* [THE RECORDS]
********
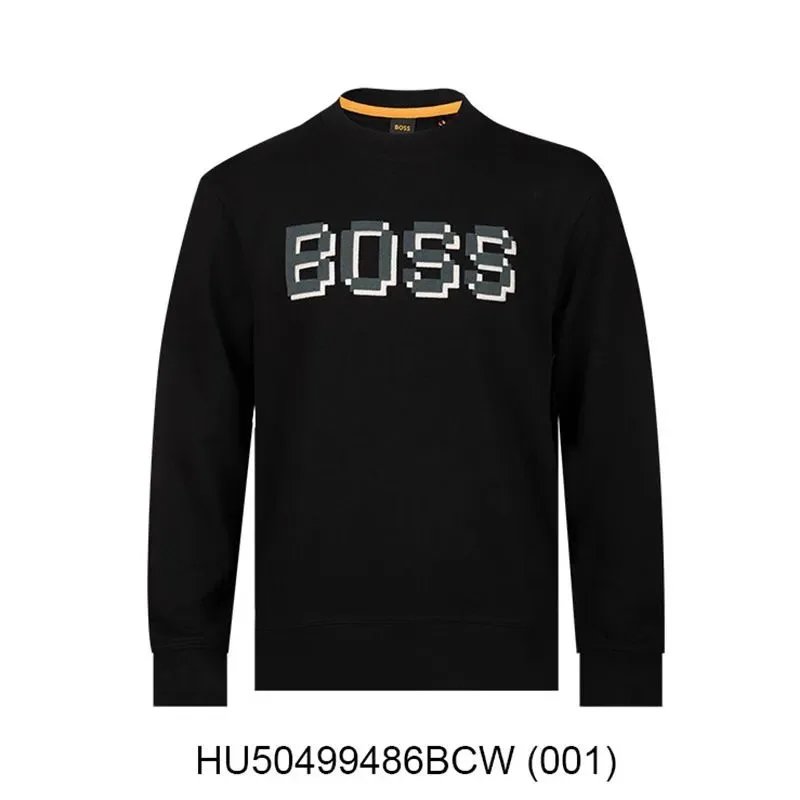 36 36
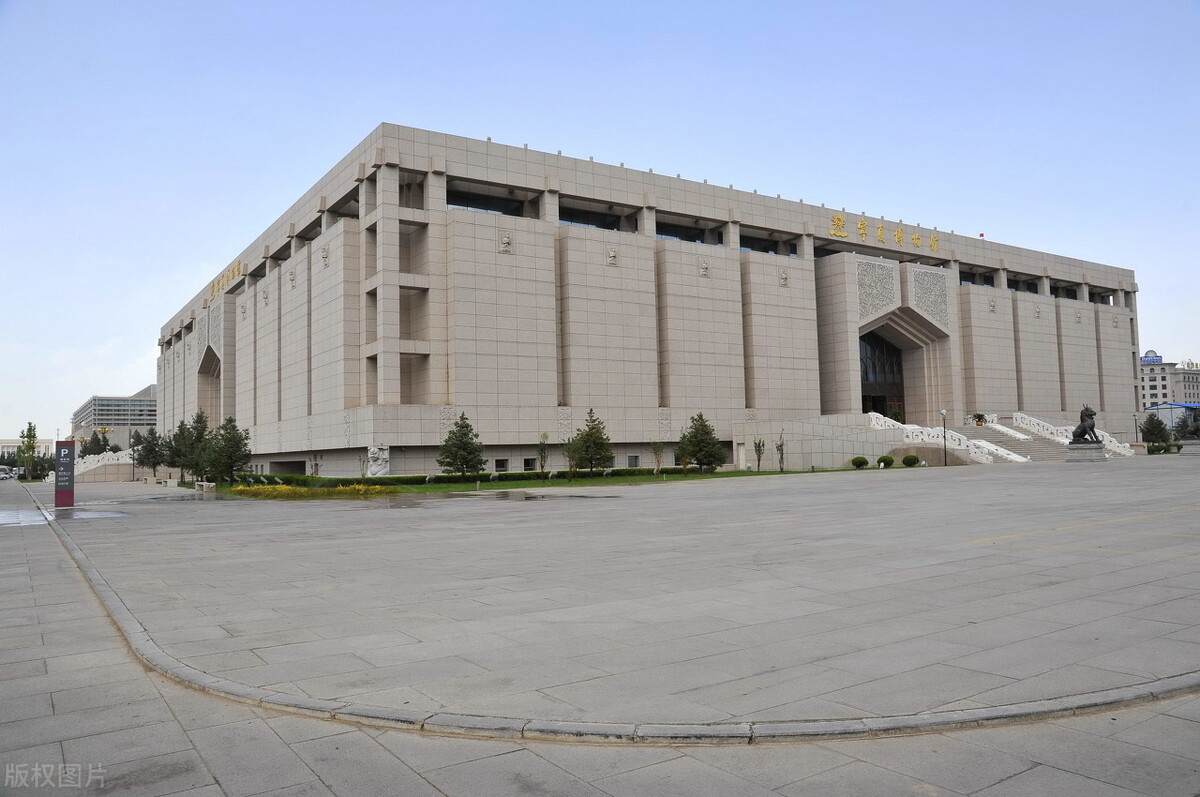 学费较低的四所民办本科高校，适合分数不高的学生选择，值得考虑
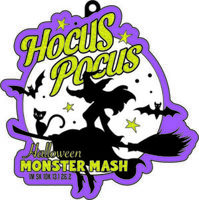 2025 Monster Mash 1M, 5K, 10K, 13.1, 26.2 – Benefitting American SIDS Institute - Mcdonough, GA - genericImage-websiteLogo-244639-1735589267.9361-0.bNCV2t.jpg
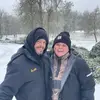 fredstheman541 - @fredstheman - TikTok
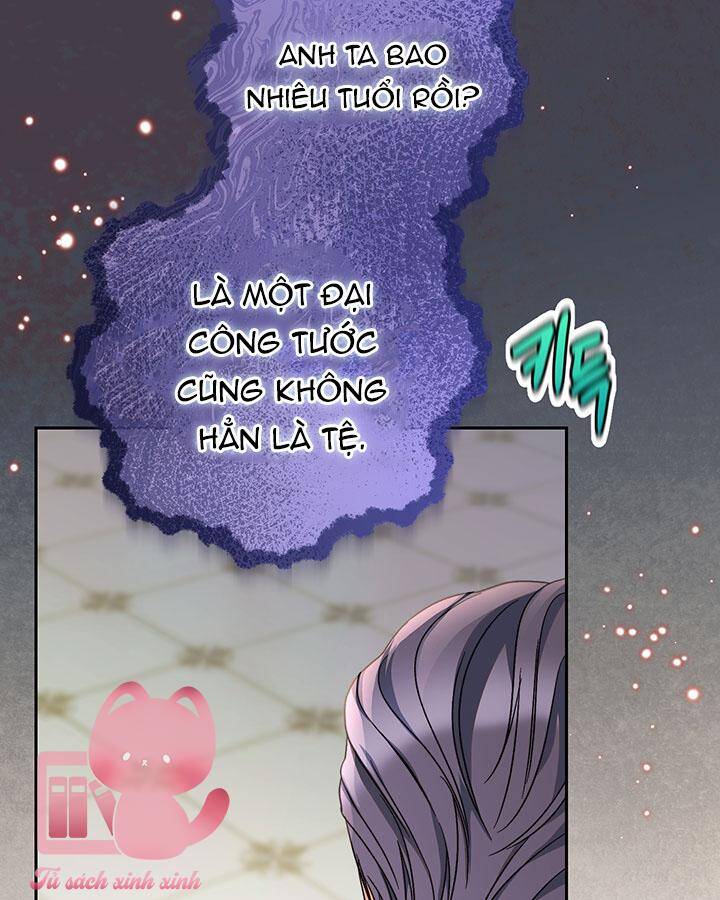 Tôi Đã Nuôi Dạy Em Gái Mình Một Cách Hoàn Hảo - Chapter 16 - Page 21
********
* [TASK OBJECTIVE]
Restate the entries verbatim and exclude any pictures.

* [THE COMPLETED TASK]
 36 36
 学费较低的四所民办本科高校，适合分数不高的学生选择，值得考虑
 2025 Monster Mash 1M, 5K, 10K, 13.1, 26.2 – Benefitting American SIDS Institute - Mcdonough, GA - genericImage-websiteLogo-244639-1735589267.9361-0.bNCV2t.jpg
 fredstheman541 - @fredstheman - TikTok
 Tôi Đã Nuôi Dạy Em Gái Mình Một Cách Hoàn Hảo - Chapter 16 - Page 21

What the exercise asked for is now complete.